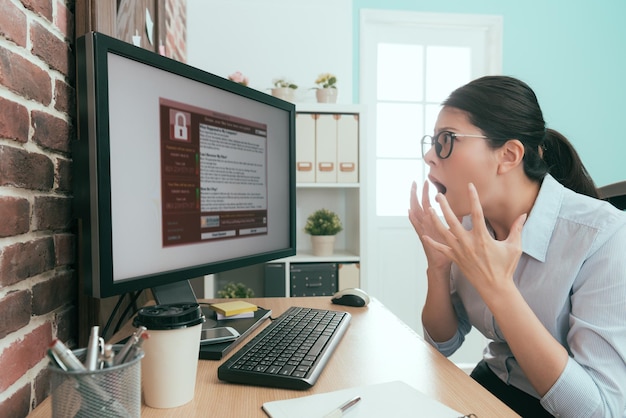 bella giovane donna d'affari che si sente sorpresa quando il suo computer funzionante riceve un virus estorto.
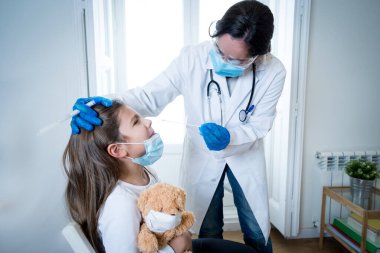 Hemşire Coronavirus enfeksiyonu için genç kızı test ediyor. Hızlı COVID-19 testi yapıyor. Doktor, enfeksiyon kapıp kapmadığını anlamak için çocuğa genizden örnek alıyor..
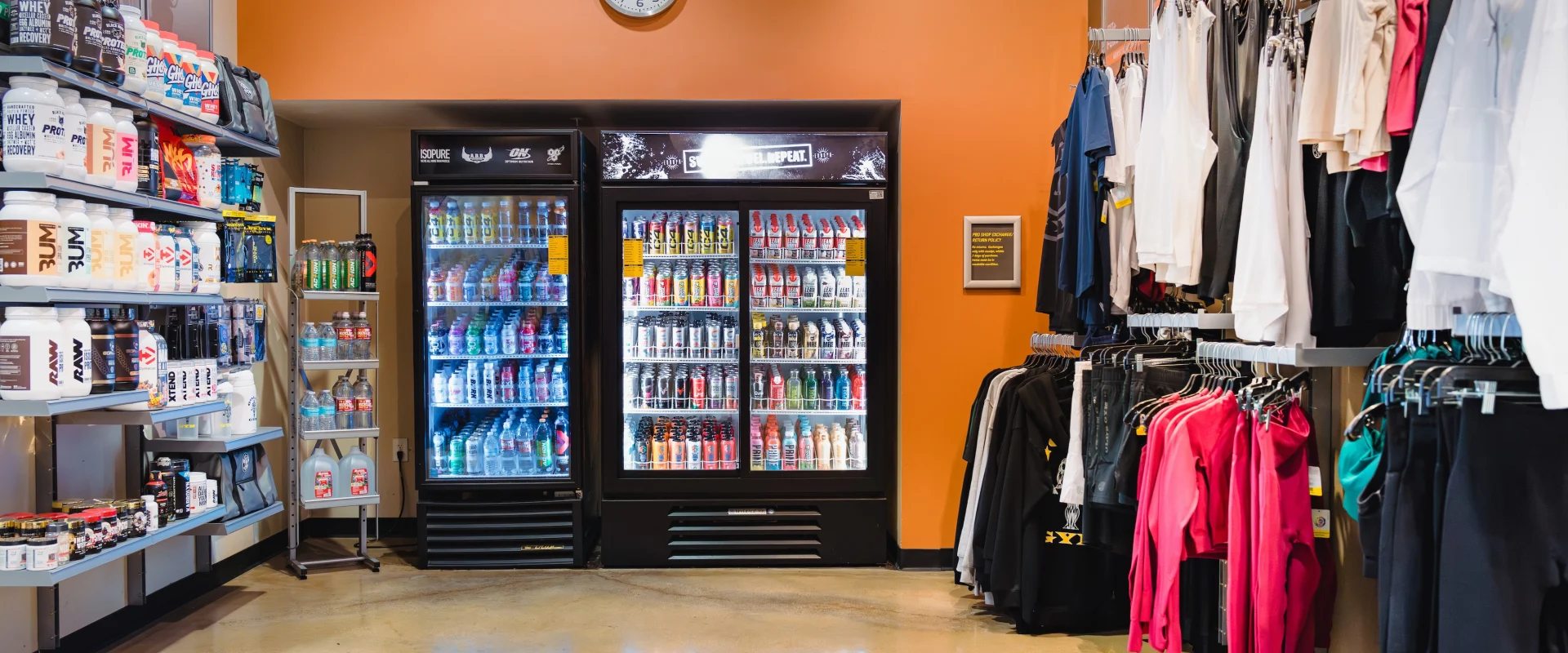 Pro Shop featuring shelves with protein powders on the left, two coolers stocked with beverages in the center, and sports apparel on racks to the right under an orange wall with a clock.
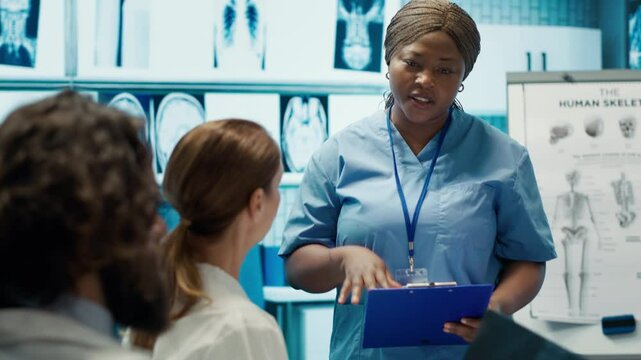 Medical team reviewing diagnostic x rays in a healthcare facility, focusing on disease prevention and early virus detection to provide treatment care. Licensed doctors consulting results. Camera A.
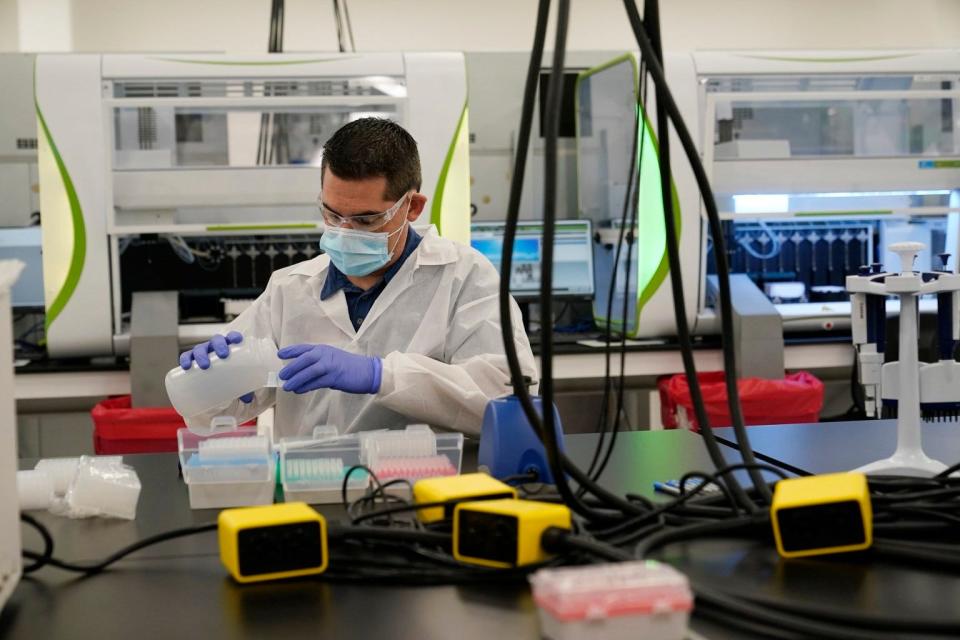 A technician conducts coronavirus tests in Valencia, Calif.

- - - - -

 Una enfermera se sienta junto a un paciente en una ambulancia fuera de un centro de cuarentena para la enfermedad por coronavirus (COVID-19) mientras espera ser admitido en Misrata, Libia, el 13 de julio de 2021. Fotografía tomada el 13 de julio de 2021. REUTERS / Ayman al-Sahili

- - - - -

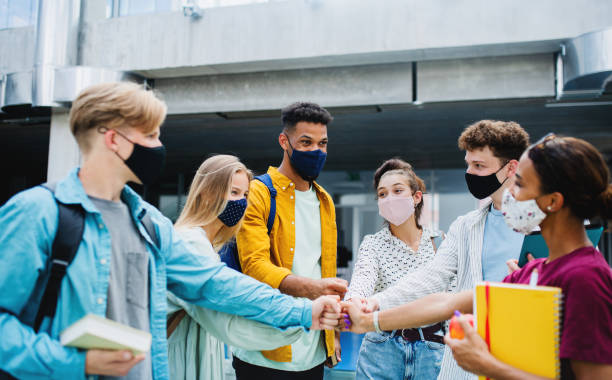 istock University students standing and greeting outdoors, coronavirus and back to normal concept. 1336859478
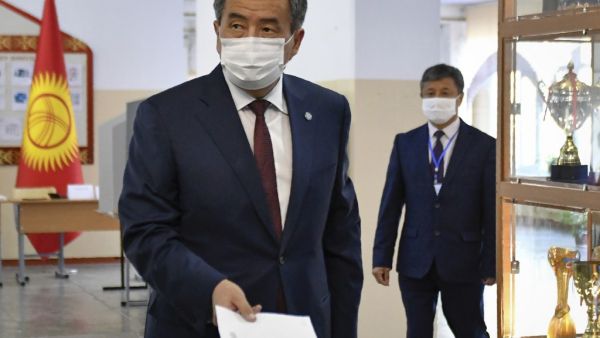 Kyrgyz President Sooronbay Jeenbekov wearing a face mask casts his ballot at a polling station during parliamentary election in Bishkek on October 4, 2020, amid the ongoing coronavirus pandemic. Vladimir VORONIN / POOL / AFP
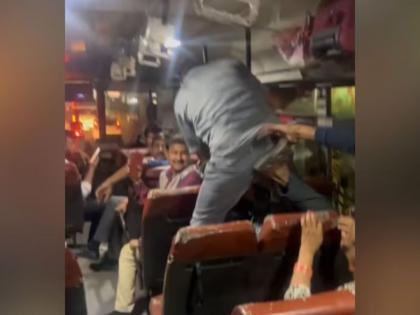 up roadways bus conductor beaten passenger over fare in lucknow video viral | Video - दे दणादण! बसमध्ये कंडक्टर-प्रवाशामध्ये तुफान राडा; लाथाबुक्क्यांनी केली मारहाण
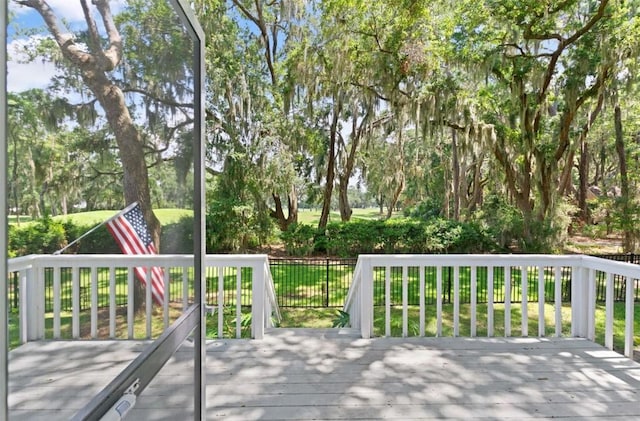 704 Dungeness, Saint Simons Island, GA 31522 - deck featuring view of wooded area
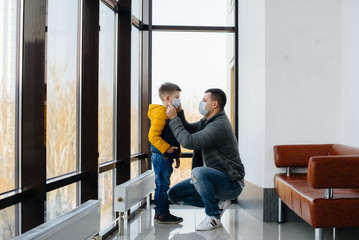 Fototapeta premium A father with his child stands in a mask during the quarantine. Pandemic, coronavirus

- - - - -

- ASSIGNED TASK
Within the material above, find the part that opens with the line containing "bella giovane donna" and closes with the line containing "Hemşire Coronavirus enfeksiyonu", and reproduce it exactly without the pictures.

- TASK RESULT
 bella giovane donna d'affari che si sente sorpresa quando il suo computer funzionante riceve un virus estorto.
 Hemşire Coronavirus enfeksiyonu için genç kızı test ediyor. Hızlı COVID-19 testi yapıyor. Doktor, enfeksiyon kapıp kapmadığını anlamak için çocuğa genizden örnek alıyor..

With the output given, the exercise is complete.